For the listing below, return the line containing "New 2027 Ford", the line containing "Pantalones cortos de", and all lines in between, exactly as written and nothing else.

## [Source material]

^^^^^^^^^^^^^^^^

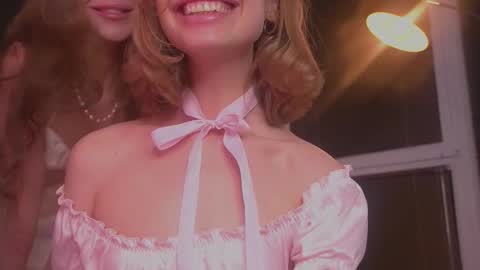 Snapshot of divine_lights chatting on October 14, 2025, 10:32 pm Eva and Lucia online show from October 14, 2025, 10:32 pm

^^^^^^^^^^^^^^^^

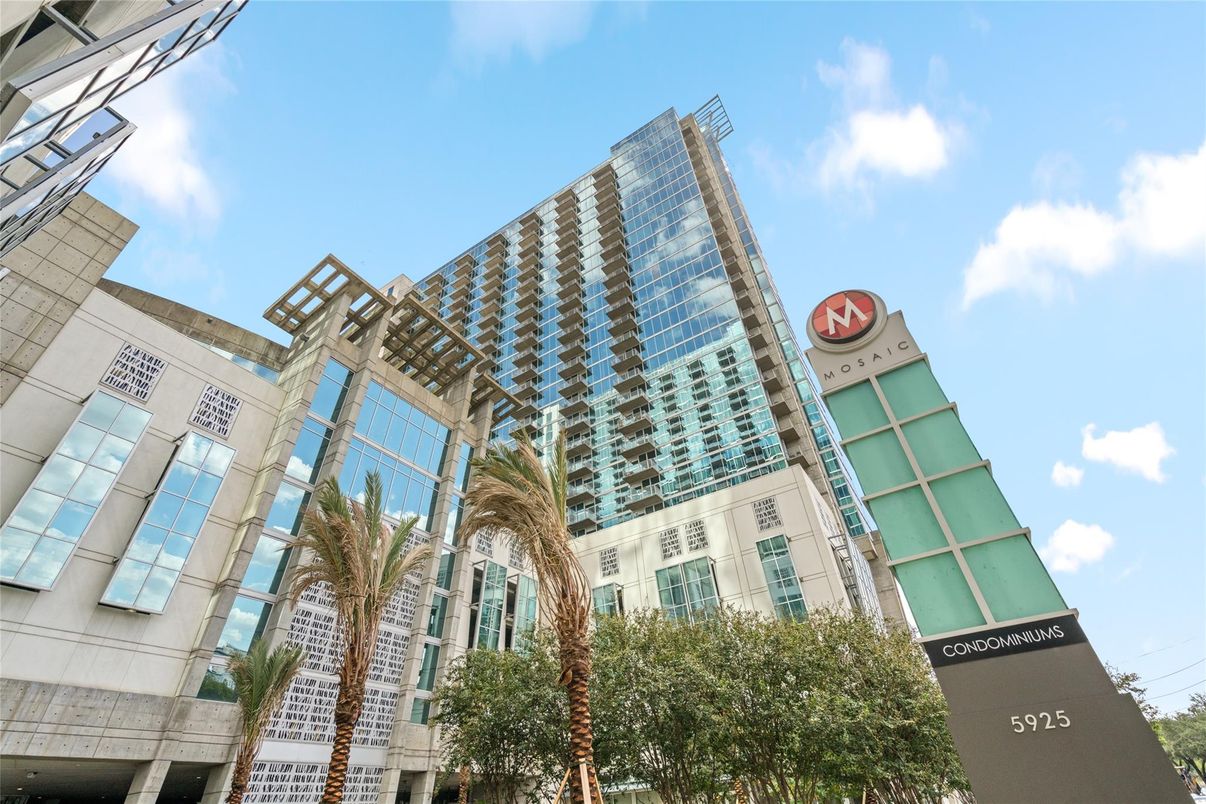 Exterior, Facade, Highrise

^^^^^^^^^^^^^^^^

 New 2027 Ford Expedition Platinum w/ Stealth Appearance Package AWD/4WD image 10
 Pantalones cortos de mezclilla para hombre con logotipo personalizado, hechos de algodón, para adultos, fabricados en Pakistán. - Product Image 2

^^^^^^^^^^^^^^^^

## [Output]
 New 2027 Ford Expedition Platinum w/ Stealth Appearance Package AWD/4WD image 10
 Pantalones cortos de mezclilla para hombre con logotipo personalizado, hechos de algodón, para adultos, fabricados en Pakistán. - Product Image 2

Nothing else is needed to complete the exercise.